Auch für De Standaard scheint einiges auf einen neuen Urnengang hinzuweisen. Für Bart De Wever jedenfalls gibt es nur zwei Möglichkeiten: Entweder, die Frankophonen akzeptieren seine Note als Gesprächsgrundlage, oder eben: Es wird neu gewählt. Kommentierend fügt das Blatt hinzu: Die De Wever-Note war bestimmt nicht perfekt. Wenn die Frankophonen sie aber mit einem Handstreich vom Tisch fegen, dann ist das eine Kriegserklärung. Sie müssen sich entscheiden. Entweder sie sind endlich bereit, das Land neu aufzustellen, oder sie spielen weiter ihre Spielchen und bringen das Land damit an den Abgrund. Neuwahlen sind keine Alternative, sorgen nur für eine weitere Radikalisierung.
Nachvollziehbar - und doch falsch
Auch De Morgen bringt bis zu einem gewissen Maß Verständnis für die ablehnende Haltung der Frankophonen auf. Gewisse Aspekte der De Wever-Note sind für sie aus nachvollziehbaren Gründen problematisch. Doch indem die Frankophonen die Note quasi postwendend abgeschossen haben, haben sie De Wever auf der flämischen Bühne nur recht gegeben und ihn damit größer gemacht.

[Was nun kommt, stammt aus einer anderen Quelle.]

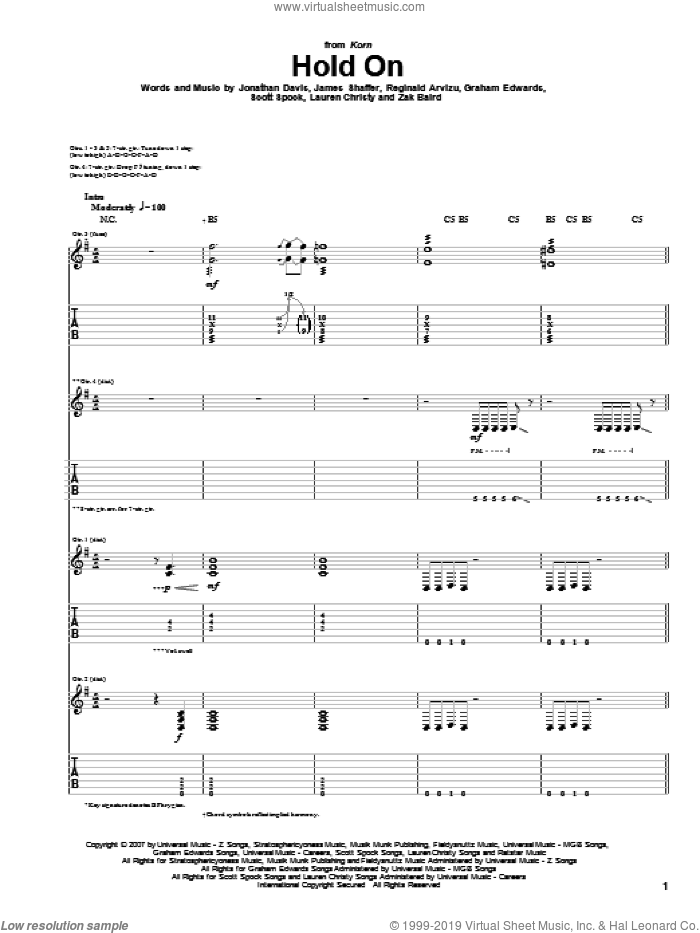 Hold On sheet music for guitar (tablature) by Korn, Graham Edwards, James Shaffer, Jonathan Davis, Lauren Christy, Reginald Arvizu, Scott Spock and Zak Baird, intermediate skill level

Die Frankophonen hätten sich ein Beispiel an der flämischen SP.A nehmen sollen, meint Het Laatste Nieuws. Die flämischen Sozialisten haben die De Wever-Note gründlich studiert und dann eine ganz Reihe von Fragen formuliert. Das ist wenigstens konstruktiv, jedenfalls besser, als den Vorschlag vor den Kameras zu zerreißen.
Auf der Couch
Für Het Belang van Limburg hat die Reaktion der Frankophonen fast schon psychologische Gründe. Es stimmt: Der De Wever-Vorschlag kann zu einer Verarmung von Brüssel und der Wallonie führen. In einer ersten Phase soll das noch durch Solidaritätsmechanismen ausgeglichen werden, die dann aber auslaufen sollen. Wenn die Frankophonen damit ein Problem haben, dann, weil sie offensichtlich davon ausgehen, dass sich ihre Situation in absehbarer Zeit nicht verbessern wird. Fazit: Die Frankophonen sind zu pessimistisch, glauben nicht an die eigenen Erfolgschancen.
Einsichten
Auf frankophoner Seite hat derweil offensichtlich die Stunde der Selbstkritik geschlagen. Warum, so fragt sich etwa L'Avenir, warum haben die frankophonen Parteien sich derartig beeilt, den De Wever-Vorschlag abzuschießen? Die üblichen Verdächtigen à la Maingain oder Happart hätte man getrost erst mal poltern lassen können, währenddessen hätte man zumindest eine Nacht drüber schlafen sollen.
Auch La Dernière Heure bescheinigt den Frankophonen eine emotionale, ja leidenschaftliche Reaktion. Sie haben jedenfalls gut dran getan, sich wieder zu beruhigen. Doch jetzt müssen die Frankophonen sich auch neu aufstellen. Erstens: An einer solchen Unternehmung wie dieser Staatsreform müssen alle demokratischen Parteien beteiligt werden, also - zwischen den Zeilen - auch die MR. Und zweitens: Die Politik der kleinen Schritte ist an ihre Grenzen gestoßen.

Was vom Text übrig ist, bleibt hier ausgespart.